It is the first publicly available research into the scale of illicit arms smuggling from Yemen into the Horn of Africa country.
"Weapons originating in the Iran–Yemen arms trade are being trafficked onward into Somalia itself," the authors of the study said.
"Iran has repeatedly denied any involvement in the trafficking of arms to the Houthis. However, a preponderance of evidence points to Iranian state supply."
Iran's Foreign Ministry and a spokesman for Yemen's Houthi forces did not respond to a request for comment from Reuters on the study.

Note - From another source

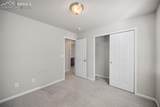 1935 Abbington Street - Photo 20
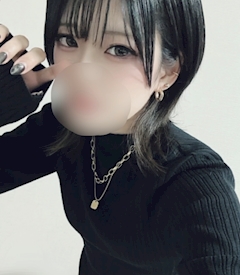 プロフィール写真4・るな｜ 金山 ガールズバー・ゴールド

Iran has repeatedly denied any involvement in the trafficking of arms to its Houthi allies in Yemen, where the six-year-old civil war has killed tens of thousands.
The Somali government spokesman and the internal security minister did not return calls or messages seeking comment.

The study said the investigators were not able to fully document the buyers and sellers of the weapons.
It said signs the weapons were originally supplied by the Iranian state included serial numbers that were very close together, indicating they were part of the same shipment, information from satellite navigation systems on seized dhows, and human intelligence from trafficking gangs.
One dhow carrying weapons that was seized by a US navy vessel had a GPS with stored points in Iran, southern Yemen, and Somalia, the report said, including a small anchorage near Jask port, which hosts an Iranian naval base, and "home" set as the Yemeni port of Mukalla, a well-known arms smuggling hub.
The guns end up with commercial smuggling networks whose customers can include armed factions seeking advantage ahead of Somalia's repeatedly delayed presidential elections, as well as clan militias and rival Islamist insurgent groups linked to al Qaeda and Islamic State, the study's authors said.